Sure the internet is a little sluggish (especially when navigating in
reverse by webpage element for some reason) but it worked for me.
I've found that on the netbook things are significantly slower and the
fan starts up only a few minutes of using firefox and other apps with
speech. This isn't a problem as it has worked (though a tiny bit more
loudly than I would've liked).
After having lots of issues (mostly results of my hacking around --
moving home directory onto it's own partition post-install was a
particular problem) I thought I had a moderately stable system...

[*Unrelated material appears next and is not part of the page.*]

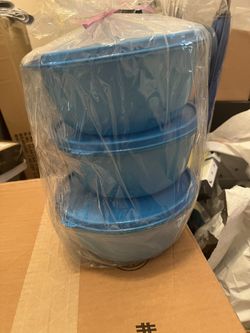 Tupperware Total Of 6 Containers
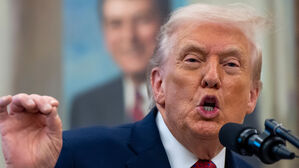 트럼프, 방산업체에 "배당 줄이고 무기 개발해야" 행정명령 검토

until Orca started randomly baling out on me. The past few times I've
booted the Eee, gnome starts fine (I get the login sound), orca boots
up, I go on the net to do some thing or other and either in the middle
of a sentence or while not speaking in the first place speech drops
out. Rebooting X, running "orca" in the "run application" dialog gets
me nowhere. Usually rebooting X, running "killall orca" followed by a
restart worked fine under the old toshiba but not now for some
reason. X reboots and I get the login sound but no orca! I have to
power down the Eee, power it up and then I only get a few minutes of
usage. I don't think it's an espeak issue (as I can get espeak to talk
through the run dialog post-orca-crash) and I don't know enough about
gnome-speech to start investigating there.
After searching the archives I've found that pulseaudio (the audio
system I'm using as gnome-speech doesn't like cooperating with other
sound-playing apps even alsa ones, and speech-dispatcher is far too
buggy for me to use regularly) is apparently not optimal for
screenreading goodness and in some cases has been a cause of random
speech dropouts. Should I bother either uninstalling the pulseaudio
package and using the aoss wrapper for gnome-speech (even though
pulseaudio has solved lots of interop issues I've had with plane ol'
alsa and other audio apps like audacious and saytime) or is this not
likely to be the problem? I know this doesn't seem related, but I'm
shooting in the dark: like I said I use gnome-speech, but on trying to
use speech-dispatcher the espeak module was inexplicably replaced by
the "dummy" module, giving me the same generic error message whenever
orca wanted to speak.
I'll do some more snooping on this issue tomorrow, but since sighted
assistance is not always around (and is probably annoyed at the
extensive help I've needed over the past few days) and it will be a
little while before I go back to school (where i can use the braille
display and brltty for some raw terminal goodness) I thought I'd ask
the list. I've been on a 3-week running streak of not-using-windows,
and I'd like to keep it up (for reasons both monetary and snobbish).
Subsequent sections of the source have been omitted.